De acordo com o mais recente Anuário Brasileiro de Segurança Pública (ABSP), 1.492 feminicídios foram registrados em 2024 — uma média de quatro assassinatos de mulheres por dia. Além disso, o país teve mais de 87 mil casos de estupro, sendo 87,7% desse número composto por vítimas do sexo feminino.
Em busca de ajudar as mulheres a se defenderem contra agressões físicas, o professor de Educação Física e faixa preta de jiu-jitsu Alan Rigamont criou o Método PPT (prevenção, postura e tomada de decisão), com técnicas de defesa pessoal voltadas para aumentar a segurança e a capacidade de reação diante de situações inoportunas ou de risco.
A seguir, ele compartilha 5 benefícios da defesa pessoal para mulheres. Confira!
Aprender técnicas de defesa pessoal proporciona maior segurança ao transitar em diferentes ambientes. Afinal, saber que é capaz de reagir diante de uma ameaça aumenta a autoconfiança no dia a dia.
A defesa pessoal ensina a identificar possíveis perigos antes que eles se tornem uma ameaça real e melhora a capacidade de tomar decisões rápidas em momentos de pressão.

A prática ajuda a lidar melhor com o medo e a ansiedade em situações de risco. Exercícios físicos liberam endorfinas, reduzindo o estresse e melhorando o bem-estar emocional.
Saber se defender fortalece a sensação de autonomia e liberdade. Mulheres treinadas em defesa pessoal sentem-se menos vulneráveis e mais preparadas para enfrentar desafios.
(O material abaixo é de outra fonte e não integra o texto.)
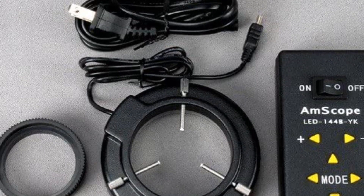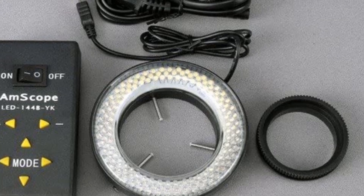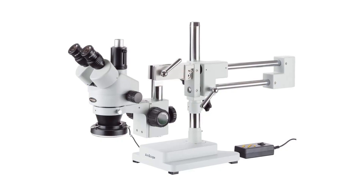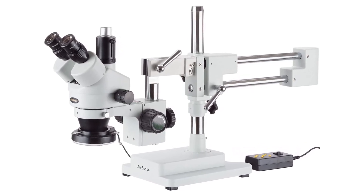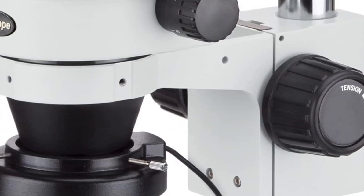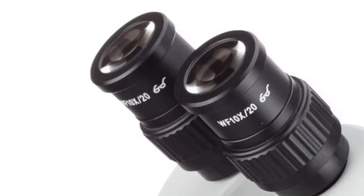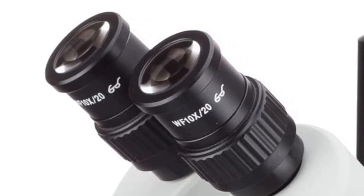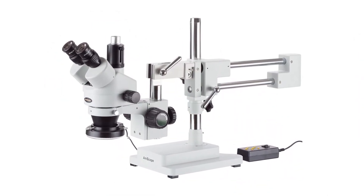Pros: high level of magnification from 3.5x to 90x, zoom objective from 0.7x to 4.5x, includes a 4-zone LED ring light for better illumination, double-arm boom stand for more stability, includes 0.5x and 2.0x Barlow lenses for increased magnification, and works with 110V to 240V power supply. Cons: expensive compared to other microscopes, and can be difficult to set up and use for inexperienced users.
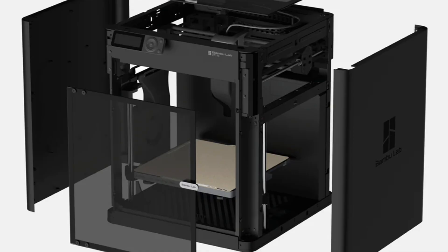The Bambu Lab P1S is another thing I'd recommend in the $500 to $1,000 range. You're most likely going to find it on sale, but it is literally just the P1P enclosed. This means you can print harder filaments if you want to, and your prints are going to look a lot smoother. I hope this video helped you find a printer.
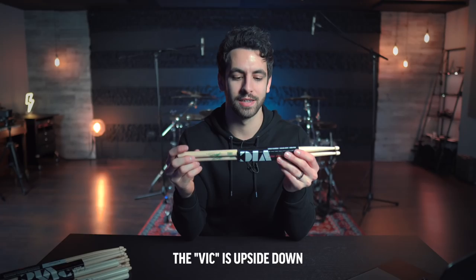Hello, my beautiful friends. Gabe here from drumbeatsonline.com. Hold on one second. What? Today, I am ranking drummer's signature sticks. Vic is upside down.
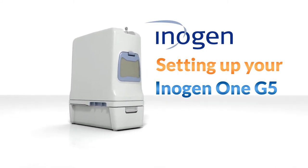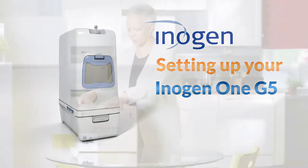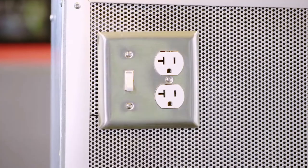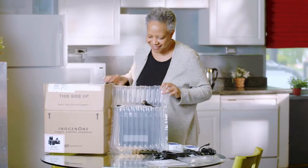Hello and thank you for choosing the Inogen 1 G5. This short video will help you set up your new Inogen 1 G5. When setting it up for the first time, you will want to set the system up on a table near an electrical outlet. If you have not yet unpacked your boxes, you may want to pause this video and do so now.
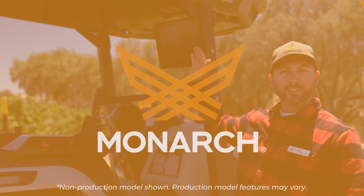Here I'm going to be going over the tractor, basic functionality, and some safety features.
Além das técnicas de defesa, os treinos ensinam a evitar conflitos e a se afastar de situações perigosas. Estratégias como postura firme e linguagem corporal confiante podem desencorajar possíveis agressores. Segundo o professor, praticar defesa pessoal não significa buscar confronto, mas sim estar preparado(a) para proteger sua integridade caso seja necessário.